After Hegemony: Cooperation and Discord in the World Political Economy

After Hegemony: Cooperation and Discord in the World Political Economy

After Hegemony: Cooperation and Discord in the World Political Economy

After Hegemony: Cooperation and Discord in the World Political Economy

Synopsis

This book is a comprehensive study of cooperation among the advanced capitalist countries. Can cooperation persist without the dominance of a single power, such as the United States after World War II? To answer this pressing question, Robert Keohane analyzes the institutions, or "international regimes," through which cooperation has taken place in the world political economy and describes the evolution of these regimes as American hegemony has eroded. Refuting the idea that the decline of hegemony makes cooperation impossible, he views international regimes not as weak substitutes for world government but as devices for facilitating decentralized cooperation among egoistic actors. In the preface the author addresses the issue of cooperation after the end of the Soviet empire and with the renewed dominance of the United States, in security matters, as well as recent scholarship on cooperation.

Excerpt

In its genesis and support, this is an old-fashioned book. It is essentially the work of an individual scholar, unaided by a research team or largescale funding. Nevertheless, I have accumulated a number of institutional debts of gratitude during the seven years of research and writing. I benefited, during the early stages of reflection and reading, from being a Fellow of the Center for Advanced Study in the Behavioral Sciences during 1977–78, under a grant from the German Marshall Fund of the United States. Most of the research was done while I was teaching at Stanford University until the spring of 1981 and at Brandeis University since then. Stanford helped me to finance research assistance and a trip to the International Energy Agency in Paris in 1981. The Mazur Fund for Faculty Research at Brandeis supplied funds for photocopying the manuscript and circulating it to colleagues. Thanks to a sabbatical leave generously provided by Brandeis University for the academic year 1983–84, I was able to devote myself wholeheartedly, between June 1983 and January 1984, to preparing the final manuscript. Wellesley College permitted me to use its convenient and wellorganized library and to take advantage of its computer system for word-processing, which greatly expedited my work. Staff members of both the library and the computer center were most helpful. For all of this support I am most grateful.

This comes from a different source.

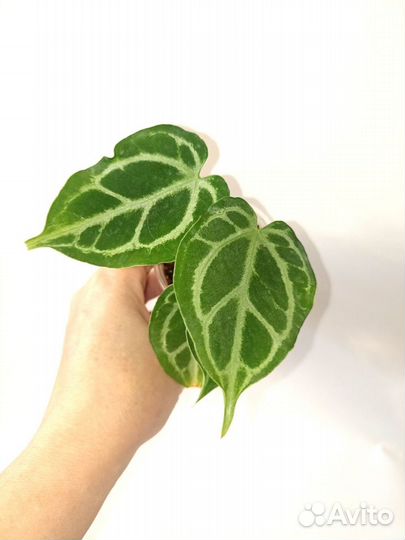 Anthurium Crystallinum (cultivar)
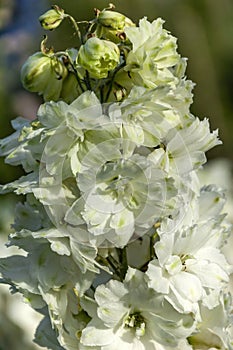 Delphinium elatum `Christine Harbutt`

The overall argument of this book has never appeared in print before, although “The demand for international regimes,” published in International Organization, Spring 1982, contains early versions of some of the core ideas of chapters 5–6. The theme of Part III—the complementarity of hegemony and cooperation in practice—is also first presented here, but some of the case material has been published before. Chapter 8 builds on “Hegemonic leadership and U.S. foreign economic policy in the ‘Long Decade’ of the 1950s,” published in William P. Avery and David P. Rapkin, eds., America in a Changing World Political Economy (New York: Longman, 1982). Chapter 9 is in part based on “The theory of hegemonic stability and changes in international economic regimes, 1967–1977.” Sections of this chapter that reproduce parts of the earlier article, in modified form, are reprinted by permission of Westview Press from Ole R. Holsti, Randolph M. Siverson, and Alexander L. George, eds., Change in the International System (copyright 1980 by Westview Press, Boulder, Colorado). Some of chapter 10 also appeared in “International agencies and the . . .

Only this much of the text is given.